Hello all, thanks for your help in advance! How would one renew their US passport when living in Mexico? We must return evety 180 days. Do we return and wait to receive, and can it be obtained within a week at most? Thanks again.


----------



## RVGRINGO (May 16, 2007)

You can renew your passport at the nearest US Consulate or US Embassy in Mexico. You may need an appointment, and it may take some “turnaround time“, so do not waite too long. Check the website of the consulate closest to you.
Otherwise, you would have to do it in the USA. Check with them for the time involved.


----------



## TundraGreen (Jul 15, 2010)

Jstpark13 said:


> Hello all, thanks for your help in advance! How would one renew their US passport when living in Mexico? We must return every 180 days. Do we return and wait to receive, and can it be obtained within a week at most?
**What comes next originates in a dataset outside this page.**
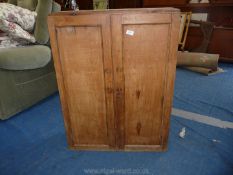 A pine three shelf kitchen cupboard with key, 37" high x 28" wide x 10 1/2" deep.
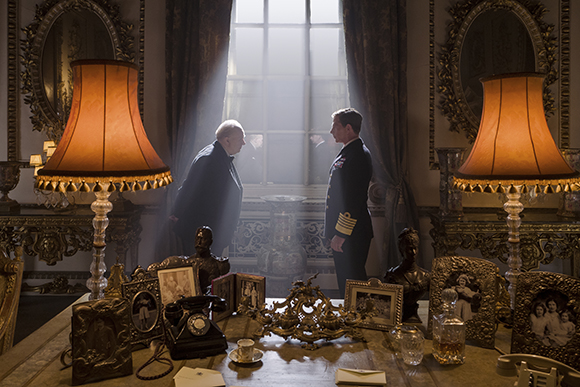 Two men in formal clothing stand in a grand, dimly lit room between two large lamps.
Thanks again.



My passport was stolen once and I got a temporary, good for 90 days, replacement at the Guadalajara Consulate in one day. However getting the regular replacement took several weeks.

Another thing to keep in mind if your passport is about to expire: Most countries require 3 to 6 months of time remaining on one's passport before allowing entrance. I don't know if Mexico checks it.


----------



## TurtleToo (Aug 23, 2013)

Jstpark13 said:


> Hello all, thanks for your help in advance! How would one renew their US passport when living in Mexico? We must return evety 180 days. Do we return and wait to receive, and can it be obtained within a week at most? Thanks again.


I just renewed my passport here. It expires in November, but I have to leave Mexico on June 7, and I was afraid I wouldn't be able to reenter with less than 6 months on it. I had to make an appointment at the consular agency in San Miguel de Allende. (The closest to Guanajuato.) The lead time for the appt was 10 days. I had thought that I could return to SMA to pick up the new passport at the consulate, but they required the use of DHL to deliver it. I got a text message from DHL yesterday that it will be available for pickup here in Guanajuato today. It took 3 weeks and one day from the date of my appointment.

.


----------



## chicois8 (Aug 8, 2009)

First, Welcome to the board.......

Mexico does not have the 6 month rule but some airlines believe they do so they may not let you board.
Mexico would only give you 90 days on your FMM if you did have only 3 months left...If you have the time I would do it in Mexico...If you fly every 180 days you may think about a passport card.....


----------